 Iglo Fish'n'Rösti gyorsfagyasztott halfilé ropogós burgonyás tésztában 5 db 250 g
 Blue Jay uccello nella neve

::::

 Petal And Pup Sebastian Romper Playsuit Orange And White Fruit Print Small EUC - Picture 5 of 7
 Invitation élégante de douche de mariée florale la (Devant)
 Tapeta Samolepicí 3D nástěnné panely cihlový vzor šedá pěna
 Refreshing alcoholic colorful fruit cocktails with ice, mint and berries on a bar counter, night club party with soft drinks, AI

::::

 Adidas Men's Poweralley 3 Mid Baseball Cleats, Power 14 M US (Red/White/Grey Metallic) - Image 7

::::

Instructions to follow:
Restate word for word the lines of the data above, starting at the line containing "Iglo Fish'n'Rösti gyorsfagyasztott" and ending at the line containing "Blue Jay uccello nella neve", both included, and nothing more.

Exercise result:
 Iglo Fish'n'Rösti gyorsfagyasztott halfilé ropogós burgonyás tésztában 5 db 250 g
 Blue Jay uccello nella neve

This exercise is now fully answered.